I'd be willing to bet there are a lot of people on food stamps who work harder than many high income earners myself included. If I suddenly had to spend hours on public transportation just to get to work where I'd spend all day doing the kinds of demanding jobs I pay others to do for me I'd envy my old life of sitting on my ass on the internet while in air conditioning all day.
Poor people often work their asses off because they have to just to get what little they're paid and keep what little they have.
Exactly. Their personal anecdote about something that happened years ago doesn't reflect the reality that many Walmart and McDonalds employees rely on government assistance to survive.

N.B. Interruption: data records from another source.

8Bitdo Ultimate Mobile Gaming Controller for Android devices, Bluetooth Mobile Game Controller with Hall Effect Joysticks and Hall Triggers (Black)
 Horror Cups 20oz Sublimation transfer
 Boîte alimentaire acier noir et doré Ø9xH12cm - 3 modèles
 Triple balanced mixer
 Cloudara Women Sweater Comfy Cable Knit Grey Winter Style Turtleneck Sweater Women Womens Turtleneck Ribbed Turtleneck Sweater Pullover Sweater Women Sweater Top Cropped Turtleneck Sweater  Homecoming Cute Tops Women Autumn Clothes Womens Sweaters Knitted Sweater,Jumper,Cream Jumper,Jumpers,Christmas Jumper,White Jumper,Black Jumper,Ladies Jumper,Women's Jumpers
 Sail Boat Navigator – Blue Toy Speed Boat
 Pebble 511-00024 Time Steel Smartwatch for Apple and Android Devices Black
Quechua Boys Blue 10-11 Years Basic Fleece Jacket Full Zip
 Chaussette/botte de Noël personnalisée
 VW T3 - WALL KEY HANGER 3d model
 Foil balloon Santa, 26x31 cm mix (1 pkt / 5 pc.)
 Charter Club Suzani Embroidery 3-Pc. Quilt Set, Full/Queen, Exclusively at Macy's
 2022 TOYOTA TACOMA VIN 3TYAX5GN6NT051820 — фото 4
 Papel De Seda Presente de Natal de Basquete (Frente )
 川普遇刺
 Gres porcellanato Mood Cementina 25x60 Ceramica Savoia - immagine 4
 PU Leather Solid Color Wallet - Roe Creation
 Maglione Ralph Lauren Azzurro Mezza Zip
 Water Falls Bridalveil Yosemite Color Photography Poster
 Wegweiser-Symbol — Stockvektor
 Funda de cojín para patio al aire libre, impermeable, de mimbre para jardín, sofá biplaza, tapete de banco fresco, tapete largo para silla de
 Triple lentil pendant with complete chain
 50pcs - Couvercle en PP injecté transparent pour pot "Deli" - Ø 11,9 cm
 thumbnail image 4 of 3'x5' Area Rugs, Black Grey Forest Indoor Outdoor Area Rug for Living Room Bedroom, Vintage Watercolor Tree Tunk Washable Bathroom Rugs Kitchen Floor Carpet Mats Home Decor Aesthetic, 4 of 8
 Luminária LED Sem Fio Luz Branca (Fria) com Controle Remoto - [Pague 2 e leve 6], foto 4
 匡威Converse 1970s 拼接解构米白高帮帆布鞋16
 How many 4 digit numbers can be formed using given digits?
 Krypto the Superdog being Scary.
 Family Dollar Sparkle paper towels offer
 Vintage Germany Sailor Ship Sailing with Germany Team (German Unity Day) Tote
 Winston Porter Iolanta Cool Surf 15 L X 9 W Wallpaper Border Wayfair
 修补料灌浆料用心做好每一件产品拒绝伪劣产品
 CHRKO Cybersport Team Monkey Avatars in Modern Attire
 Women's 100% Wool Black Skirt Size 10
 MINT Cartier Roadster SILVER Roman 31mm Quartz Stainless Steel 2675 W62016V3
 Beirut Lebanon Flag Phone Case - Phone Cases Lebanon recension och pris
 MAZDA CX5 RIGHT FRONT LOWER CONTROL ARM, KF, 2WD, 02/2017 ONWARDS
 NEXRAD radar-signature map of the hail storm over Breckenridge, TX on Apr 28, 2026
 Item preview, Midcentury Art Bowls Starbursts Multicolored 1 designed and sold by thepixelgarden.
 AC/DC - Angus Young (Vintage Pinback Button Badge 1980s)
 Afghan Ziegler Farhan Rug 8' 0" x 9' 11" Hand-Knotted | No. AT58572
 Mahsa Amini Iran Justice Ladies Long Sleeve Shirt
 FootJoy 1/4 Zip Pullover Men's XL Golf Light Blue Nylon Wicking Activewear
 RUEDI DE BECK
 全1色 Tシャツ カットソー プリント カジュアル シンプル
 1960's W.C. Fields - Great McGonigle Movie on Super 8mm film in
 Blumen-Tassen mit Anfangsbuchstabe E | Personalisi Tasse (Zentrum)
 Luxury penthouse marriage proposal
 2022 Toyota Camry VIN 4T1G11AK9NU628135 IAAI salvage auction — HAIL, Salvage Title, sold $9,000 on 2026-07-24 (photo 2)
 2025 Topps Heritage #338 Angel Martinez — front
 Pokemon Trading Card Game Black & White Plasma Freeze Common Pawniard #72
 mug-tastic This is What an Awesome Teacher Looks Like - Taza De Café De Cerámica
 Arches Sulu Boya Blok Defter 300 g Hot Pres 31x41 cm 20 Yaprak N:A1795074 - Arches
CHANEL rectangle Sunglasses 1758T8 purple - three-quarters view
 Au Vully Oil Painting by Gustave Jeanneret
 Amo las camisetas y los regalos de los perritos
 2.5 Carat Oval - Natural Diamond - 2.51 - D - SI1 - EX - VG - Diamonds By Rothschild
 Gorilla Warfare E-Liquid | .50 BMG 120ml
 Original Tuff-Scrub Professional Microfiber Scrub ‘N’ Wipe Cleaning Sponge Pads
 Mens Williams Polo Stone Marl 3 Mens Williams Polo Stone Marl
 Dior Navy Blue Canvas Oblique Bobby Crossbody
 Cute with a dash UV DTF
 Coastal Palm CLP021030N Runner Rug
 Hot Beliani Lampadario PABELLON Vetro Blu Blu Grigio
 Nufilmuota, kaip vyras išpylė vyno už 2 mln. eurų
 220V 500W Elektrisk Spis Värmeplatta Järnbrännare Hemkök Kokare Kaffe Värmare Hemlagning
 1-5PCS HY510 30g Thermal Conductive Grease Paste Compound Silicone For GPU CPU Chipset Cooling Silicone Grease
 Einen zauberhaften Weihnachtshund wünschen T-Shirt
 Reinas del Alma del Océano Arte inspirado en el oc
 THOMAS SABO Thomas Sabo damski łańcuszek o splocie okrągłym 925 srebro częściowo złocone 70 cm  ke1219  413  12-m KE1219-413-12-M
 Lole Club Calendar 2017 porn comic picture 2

And you think that minimum wage in the 80s is the same as minimum wage today?
If you have a minimum wage job in Mississippi and work 40 hours a week for a whole year you get 15000$ before taxes and roughly 12000$ after taxes.
If you are a family of 4 and BOTH PARENTS work on minimum wage, you still get food stamps. Do you call parents with 2 children who both work 40 hours a week lazy?
Should people with 4 children just work 60 hours? Oh they'd still get food stamps
Cmon give me the numbers instead of your feelings. My guess is you won't even reply because you already made up your mind.
Well, if you are just telling me outright in my face, that all democracies devolve into massive populism like this, then yes, I would definitely prefer a different system, of course.
I most certainly don't approve a dictatorship of the majority.
Can you give an example for what you would like? I think democracy favoring populism has been a thing since at least "panem et circenses". It's nothing new.
The US certainly has enough money to feed everyone in the country (citizens or otherwise), it would be a tiny fraction of the current budget to do so. I'm curious to hear your ideas for better spending targets.
Many people surviving on EBT can't afford vehicles/insurance/gas - stuff EBT doesn't cover. It's unclear to me how they'll afford the costs of delivery since EBT won't cover that either, but more options can't hurt.
Perhaps the cost of delivery of those groceries will be cheaper than the cost of owning and running a vehicle. Some sources give that cost as many hundreds of dollars a month. It doesn't seem unreasonable that having groceries delivered once a week might be less.
Being able to have food delivered is an important option to have! I'm surprised that the pandemic hasn't made that clear to everyone. Some folks are going to need food delivered at some point in their lives. Poor people too.
I'd much rather have people who are struggling get delivery if they can manage it than have them go into the grocery store when they know they're infected, or when they've got a vulnerable person they'd risk bringing disease home to.
Don't forget Meals on Wheels and other programs for seniors and the disabled.
It's been proven that every dollar SNAP injects into the economy stimulates it enough to make a difference. So it's a very good thing that programs like this for people whom you may consider to be lazy, stupid, or euthanasia candidates.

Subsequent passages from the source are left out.